Self Denial

And he said unto all, If any man would come after me, let him deny himself, and take up his cross daily, and follow me. For whosoever would save his life shall lose it; but whosoever shall lose his life for my sake, the same shall save it.

— St. Luke 9:23-24

Here is the promise to those who will leave all and follow him: “Whosoever shall lose his life, for my sake, the same shall save it,”—in St. Matthew, “Find it.” To lose ourselves in the salvation of God’s heart! To be no longer any care to ourselves, but know God taking divinest care of us, his own! To revel in the unsought love of those who love us as we love them! To know that we are in the child’s secret of existence, that we are pleasing in the eyes and to the heart of the Father! What a self is this to receive again from him for that we forsook! We left it paltry, low, mean; he took up the poor cinder of a consciousness, carried it back to the workshop of his spirit, made it a true thing, and restored it to our having forever!

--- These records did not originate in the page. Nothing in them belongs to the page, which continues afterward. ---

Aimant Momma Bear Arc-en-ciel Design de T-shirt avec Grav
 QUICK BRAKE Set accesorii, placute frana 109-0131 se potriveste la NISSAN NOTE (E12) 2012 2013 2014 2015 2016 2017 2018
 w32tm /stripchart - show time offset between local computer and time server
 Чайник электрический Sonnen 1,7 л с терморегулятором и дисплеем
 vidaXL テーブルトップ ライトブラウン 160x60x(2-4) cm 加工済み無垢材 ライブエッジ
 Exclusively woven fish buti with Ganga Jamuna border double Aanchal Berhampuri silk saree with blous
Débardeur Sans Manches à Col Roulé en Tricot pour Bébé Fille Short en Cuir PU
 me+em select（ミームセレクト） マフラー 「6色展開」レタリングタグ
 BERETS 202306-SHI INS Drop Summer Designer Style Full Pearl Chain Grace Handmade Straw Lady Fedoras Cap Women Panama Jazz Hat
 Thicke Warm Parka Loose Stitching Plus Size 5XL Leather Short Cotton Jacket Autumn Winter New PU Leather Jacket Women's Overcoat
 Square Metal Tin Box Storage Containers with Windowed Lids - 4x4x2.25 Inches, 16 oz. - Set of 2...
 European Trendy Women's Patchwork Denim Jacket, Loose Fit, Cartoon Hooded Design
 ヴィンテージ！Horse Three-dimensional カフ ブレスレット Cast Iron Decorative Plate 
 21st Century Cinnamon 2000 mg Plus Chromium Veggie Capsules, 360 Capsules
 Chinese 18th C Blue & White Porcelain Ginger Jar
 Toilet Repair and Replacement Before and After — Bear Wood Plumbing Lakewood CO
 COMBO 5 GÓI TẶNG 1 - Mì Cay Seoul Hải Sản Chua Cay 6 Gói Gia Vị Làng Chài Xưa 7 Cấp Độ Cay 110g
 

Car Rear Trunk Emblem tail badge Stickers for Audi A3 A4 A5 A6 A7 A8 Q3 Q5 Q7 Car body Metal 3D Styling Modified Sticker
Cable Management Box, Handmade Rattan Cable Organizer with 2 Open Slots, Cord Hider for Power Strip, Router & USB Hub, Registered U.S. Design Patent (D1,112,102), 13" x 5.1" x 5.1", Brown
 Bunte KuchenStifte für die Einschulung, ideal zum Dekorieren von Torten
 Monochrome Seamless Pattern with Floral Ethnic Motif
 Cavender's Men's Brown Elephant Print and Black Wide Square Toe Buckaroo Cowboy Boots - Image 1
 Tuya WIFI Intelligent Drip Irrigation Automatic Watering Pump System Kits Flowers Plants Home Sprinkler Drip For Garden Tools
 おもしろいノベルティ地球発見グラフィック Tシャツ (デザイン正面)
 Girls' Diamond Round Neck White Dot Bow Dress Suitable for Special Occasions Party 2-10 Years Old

All high things can be spoken only in figures of speech; and these cannot fit intellectually; they can be interpreted truly only by such as have the spiritual fact in themselves. When we speak of a man and his soul, we imply two selves; but we cannot divide ourselves so, and the figure suits but imperfectly. It was never the design of the Lord to explain things to our understanding—we require a means, a word, whereby to think of high things: that is what a true figure, while far from perfect, will always be to us. And the true soul sees, or will come to see, that the Lord’s words, his figures, always represent more than they are able to present; for, as the heavens are higher than the earth, so are the heavenly things higher than the earthly signs of them, let the signs be good as ever sign may be.